The answer is the line containing "LogiLink DisplayPort-Adapter - Mini" plus every line after it to the end of the material, retyped exactly and without the pictures.

[[ Given material open ]]

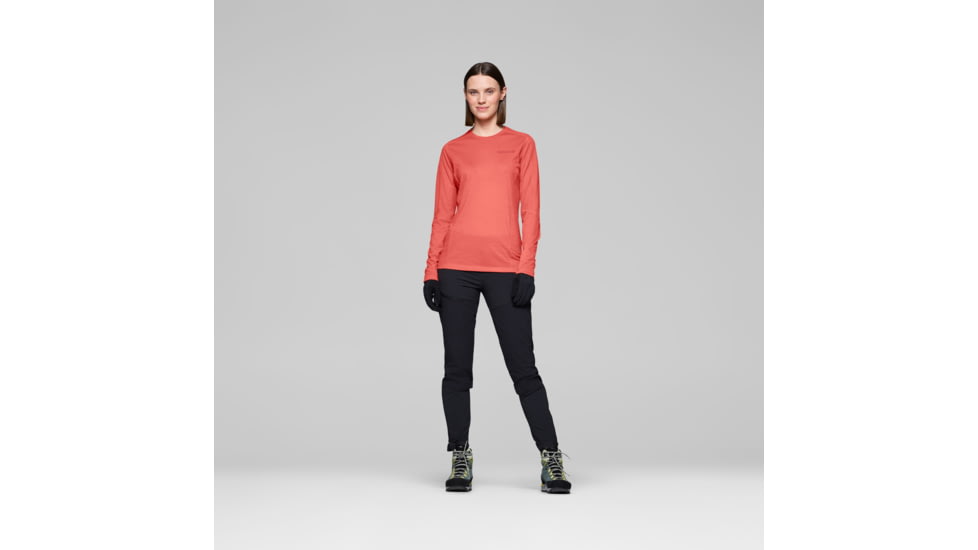 Norrona Falketind EqualiserUll Long Sleeve Shirt - Womens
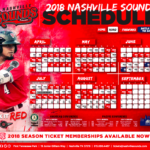 Nashville Sounds 2018 Tickets Schedule Nashville Guru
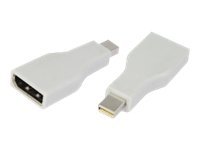 LogiLink DisplayPort-Adapter - Mini DisplayPort (M)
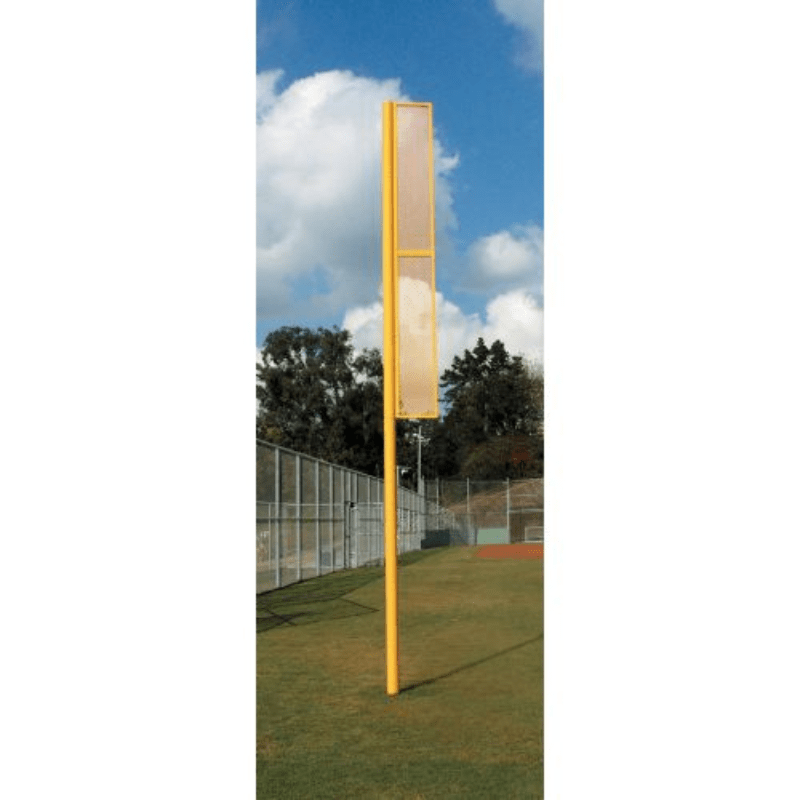 Heavy-Duty Foul Poles (Pair)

[[ Given material closed ]]

## Solution for this task
 LogiLink DisplayPort-Adapter - Mini DisplayPort (M)
 Heavy-Duty Foul Poles (Pair)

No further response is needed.